Below are entries. Copy exactly the lines running from the line that holds "COMPARATIVES AND SUPERLATIVES" to the line that holds "David’s dog is much bigger than yours.", with both ends included.

> Exercise materials:
**********
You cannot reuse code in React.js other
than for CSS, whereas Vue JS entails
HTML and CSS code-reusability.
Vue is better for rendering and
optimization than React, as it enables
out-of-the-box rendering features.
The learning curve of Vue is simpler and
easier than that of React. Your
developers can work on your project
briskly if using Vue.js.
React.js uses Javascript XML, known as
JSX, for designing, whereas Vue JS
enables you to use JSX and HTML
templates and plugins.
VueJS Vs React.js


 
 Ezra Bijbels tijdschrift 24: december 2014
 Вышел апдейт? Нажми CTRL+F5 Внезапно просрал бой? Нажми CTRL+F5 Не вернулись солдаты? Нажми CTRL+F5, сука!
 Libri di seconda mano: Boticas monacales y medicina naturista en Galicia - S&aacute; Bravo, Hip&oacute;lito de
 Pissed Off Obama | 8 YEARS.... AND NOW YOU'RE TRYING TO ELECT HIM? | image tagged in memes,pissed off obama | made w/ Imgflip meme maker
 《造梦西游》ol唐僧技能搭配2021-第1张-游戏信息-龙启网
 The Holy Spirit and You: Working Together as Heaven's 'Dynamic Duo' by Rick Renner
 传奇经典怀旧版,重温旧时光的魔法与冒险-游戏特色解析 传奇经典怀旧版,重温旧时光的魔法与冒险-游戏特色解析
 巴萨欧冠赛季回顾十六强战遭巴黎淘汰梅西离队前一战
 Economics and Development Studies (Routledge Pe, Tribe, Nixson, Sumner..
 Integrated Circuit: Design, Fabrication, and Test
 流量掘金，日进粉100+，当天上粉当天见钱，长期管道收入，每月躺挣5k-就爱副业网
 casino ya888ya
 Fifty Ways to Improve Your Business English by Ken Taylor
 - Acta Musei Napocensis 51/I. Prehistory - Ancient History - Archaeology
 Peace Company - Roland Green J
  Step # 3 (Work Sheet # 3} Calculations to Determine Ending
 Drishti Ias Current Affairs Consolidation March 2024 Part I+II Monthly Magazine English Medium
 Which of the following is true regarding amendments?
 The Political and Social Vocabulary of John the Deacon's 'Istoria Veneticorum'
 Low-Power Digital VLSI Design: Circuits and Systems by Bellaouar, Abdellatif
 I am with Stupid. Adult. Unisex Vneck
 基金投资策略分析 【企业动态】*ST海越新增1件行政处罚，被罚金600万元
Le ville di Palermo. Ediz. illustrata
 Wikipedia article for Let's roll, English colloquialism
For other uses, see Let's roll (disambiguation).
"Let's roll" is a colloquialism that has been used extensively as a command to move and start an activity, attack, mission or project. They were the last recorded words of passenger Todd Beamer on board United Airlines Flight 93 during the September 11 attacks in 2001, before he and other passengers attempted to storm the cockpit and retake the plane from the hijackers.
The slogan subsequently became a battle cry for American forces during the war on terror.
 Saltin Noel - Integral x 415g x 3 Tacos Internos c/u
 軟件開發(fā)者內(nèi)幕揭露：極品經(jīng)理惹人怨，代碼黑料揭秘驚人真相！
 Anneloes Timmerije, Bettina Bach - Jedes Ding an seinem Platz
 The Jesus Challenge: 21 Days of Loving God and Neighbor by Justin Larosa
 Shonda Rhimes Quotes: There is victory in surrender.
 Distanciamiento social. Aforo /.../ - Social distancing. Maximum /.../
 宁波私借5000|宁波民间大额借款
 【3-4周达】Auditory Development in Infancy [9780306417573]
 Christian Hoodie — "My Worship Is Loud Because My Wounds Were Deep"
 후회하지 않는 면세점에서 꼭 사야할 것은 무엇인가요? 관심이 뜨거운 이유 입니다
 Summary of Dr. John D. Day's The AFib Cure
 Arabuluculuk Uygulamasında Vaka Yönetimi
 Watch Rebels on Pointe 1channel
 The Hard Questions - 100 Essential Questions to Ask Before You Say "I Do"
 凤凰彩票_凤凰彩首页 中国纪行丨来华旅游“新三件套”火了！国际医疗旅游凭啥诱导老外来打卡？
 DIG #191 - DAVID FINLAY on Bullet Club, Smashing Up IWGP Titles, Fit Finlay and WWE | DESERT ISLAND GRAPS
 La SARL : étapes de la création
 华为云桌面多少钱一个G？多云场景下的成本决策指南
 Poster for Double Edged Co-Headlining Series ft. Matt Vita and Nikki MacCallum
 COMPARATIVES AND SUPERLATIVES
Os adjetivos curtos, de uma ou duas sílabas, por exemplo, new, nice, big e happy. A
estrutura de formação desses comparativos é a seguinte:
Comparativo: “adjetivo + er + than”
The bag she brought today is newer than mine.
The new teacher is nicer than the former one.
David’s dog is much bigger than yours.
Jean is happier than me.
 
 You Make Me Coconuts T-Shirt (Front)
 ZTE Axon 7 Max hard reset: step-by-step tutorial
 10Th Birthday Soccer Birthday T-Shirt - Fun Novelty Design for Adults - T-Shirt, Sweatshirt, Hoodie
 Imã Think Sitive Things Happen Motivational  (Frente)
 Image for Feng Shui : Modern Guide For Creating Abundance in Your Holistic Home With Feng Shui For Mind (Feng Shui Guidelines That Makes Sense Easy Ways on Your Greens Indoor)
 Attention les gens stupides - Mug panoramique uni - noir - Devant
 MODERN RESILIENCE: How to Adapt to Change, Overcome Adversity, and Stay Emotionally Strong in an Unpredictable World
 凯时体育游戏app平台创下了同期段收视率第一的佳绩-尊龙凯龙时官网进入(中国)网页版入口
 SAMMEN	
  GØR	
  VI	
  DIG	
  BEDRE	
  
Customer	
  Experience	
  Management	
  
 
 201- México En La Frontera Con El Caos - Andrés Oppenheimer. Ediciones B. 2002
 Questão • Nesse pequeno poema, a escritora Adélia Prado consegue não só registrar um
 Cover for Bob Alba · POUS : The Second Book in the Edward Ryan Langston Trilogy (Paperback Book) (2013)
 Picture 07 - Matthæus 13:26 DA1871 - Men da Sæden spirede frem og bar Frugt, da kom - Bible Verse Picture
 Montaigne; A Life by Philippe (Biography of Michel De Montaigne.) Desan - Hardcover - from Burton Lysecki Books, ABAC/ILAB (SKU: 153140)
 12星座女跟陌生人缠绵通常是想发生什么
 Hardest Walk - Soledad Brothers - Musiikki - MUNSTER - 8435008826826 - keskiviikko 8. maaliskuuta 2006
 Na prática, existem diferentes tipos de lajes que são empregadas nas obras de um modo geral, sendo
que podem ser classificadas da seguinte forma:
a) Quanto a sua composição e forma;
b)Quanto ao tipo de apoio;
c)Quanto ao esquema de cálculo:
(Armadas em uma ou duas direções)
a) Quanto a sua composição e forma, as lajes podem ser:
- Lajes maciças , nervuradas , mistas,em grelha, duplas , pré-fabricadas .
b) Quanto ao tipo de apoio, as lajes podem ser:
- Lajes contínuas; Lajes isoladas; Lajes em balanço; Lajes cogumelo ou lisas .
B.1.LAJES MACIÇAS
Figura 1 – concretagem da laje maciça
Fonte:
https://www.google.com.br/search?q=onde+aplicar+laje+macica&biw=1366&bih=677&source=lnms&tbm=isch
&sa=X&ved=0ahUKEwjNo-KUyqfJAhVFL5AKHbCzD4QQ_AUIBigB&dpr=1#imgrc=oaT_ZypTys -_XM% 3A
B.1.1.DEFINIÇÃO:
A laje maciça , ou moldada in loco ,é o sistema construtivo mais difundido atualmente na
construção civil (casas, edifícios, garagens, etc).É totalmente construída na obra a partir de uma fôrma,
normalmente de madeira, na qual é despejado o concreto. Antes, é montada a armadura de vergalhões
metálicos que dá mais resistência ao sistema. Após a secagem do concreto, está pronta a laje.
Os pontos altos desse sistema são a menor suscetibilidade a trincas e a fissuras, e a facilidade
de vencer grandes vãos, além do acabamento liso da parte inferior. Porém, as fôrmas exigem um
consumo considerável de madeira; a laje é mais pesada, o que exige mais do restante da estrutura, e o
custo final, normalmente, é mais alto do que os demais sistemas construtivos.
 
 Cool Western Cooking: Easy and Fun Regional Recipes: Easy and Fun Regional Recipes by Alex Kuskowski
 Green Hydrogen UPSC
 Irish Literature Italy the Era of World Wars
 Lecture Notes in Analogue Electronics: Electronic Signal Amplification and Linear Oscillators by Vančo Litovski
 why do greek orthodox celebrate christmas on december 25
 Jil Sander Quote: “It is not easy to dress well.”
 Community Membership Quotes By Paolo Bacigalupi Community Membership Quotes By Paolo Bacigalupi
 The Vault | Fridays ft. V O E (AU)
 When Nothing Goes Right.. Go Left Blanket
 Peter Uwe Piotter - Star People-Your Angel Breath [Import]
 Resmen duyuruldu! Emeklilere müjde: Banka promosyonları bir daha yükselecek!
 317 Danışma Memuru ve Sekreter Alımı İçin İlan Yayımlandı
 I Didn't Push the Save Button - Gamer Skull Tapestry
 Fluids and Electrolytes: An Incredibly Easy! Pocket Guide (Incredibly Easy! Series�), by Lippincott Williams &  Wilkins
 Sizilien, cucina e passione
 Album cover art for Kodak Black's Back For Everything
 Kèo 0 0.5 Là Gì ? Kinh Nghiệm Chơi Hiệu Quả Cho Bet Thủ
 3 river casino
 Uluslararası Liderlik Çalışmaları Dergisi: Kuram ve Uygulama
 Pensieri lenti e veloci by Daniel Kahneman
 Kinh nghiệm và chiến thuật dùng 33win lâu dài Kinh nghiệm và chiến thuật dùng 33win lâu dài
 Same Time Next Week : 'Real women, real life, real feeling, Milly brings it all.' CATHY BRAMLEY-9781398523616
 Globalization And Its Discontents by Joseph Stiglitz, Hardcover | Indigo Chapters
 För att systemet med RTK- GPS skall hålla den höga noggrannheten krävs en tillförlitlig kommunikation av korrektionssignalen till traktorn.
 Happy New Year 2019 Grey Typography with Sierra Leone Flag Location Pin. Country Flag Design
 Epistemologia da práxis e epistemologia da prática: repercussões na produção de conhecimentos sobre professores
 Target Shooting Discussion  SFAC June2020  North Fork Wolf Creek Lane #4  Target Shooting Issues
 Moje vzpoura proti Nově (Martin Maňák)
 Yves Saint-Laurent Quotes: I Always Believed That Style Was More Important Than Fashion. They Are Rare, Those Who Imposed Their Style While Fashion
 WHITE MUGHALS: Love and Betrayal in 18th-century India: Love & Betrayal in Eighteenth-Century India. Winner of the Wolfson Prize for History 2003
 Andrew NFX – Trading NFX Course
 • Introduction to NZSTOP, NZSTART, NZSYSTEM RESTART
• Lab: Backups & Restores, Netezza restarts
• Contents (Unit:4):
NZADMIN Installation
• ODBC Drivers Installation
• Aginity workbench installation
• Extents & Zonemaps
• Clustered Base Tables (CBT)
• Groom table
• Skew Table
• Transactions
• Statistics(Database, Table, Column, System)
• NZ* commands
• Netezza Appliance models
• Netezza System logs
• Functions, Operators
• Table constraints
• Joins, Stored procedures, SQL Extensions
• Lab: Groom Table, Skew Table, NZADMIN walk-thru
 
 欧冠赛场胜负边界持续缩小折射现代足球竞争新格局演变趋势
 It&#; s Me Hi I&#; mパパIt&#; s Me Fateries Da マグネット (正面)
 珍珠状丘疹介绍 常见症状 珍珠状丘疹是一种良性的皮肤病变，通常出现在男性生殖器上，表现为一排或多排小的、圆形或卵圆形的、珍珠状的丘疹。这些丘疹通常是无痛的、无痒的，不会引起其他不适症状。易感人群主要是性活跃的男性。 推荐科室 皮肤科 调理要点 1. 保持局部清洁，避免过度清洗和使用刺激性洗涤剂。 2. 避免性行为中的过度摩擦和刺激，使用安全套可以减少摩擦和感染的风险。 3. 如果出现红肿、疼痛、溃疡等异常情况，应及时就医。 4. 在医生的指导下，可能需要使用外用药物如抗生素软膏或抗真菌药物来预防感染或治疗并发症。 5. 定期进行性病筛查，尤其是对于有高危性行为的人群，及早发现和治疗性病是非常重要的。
**********
> Solved exercise:
 COMPARATIVES AND SUPERLATIVES
Os adjetivos curtos, de uma ou duas sílabas, por exemplo, new, nice, big e happy. A
estrutura de formação desses comparativos é a seguinte:
Comparativo: “adjetivo + er + than”
The bag she brought today is newer than mine.
The new teacher is nicer than the former one.
David’s dog is much bigger than yours.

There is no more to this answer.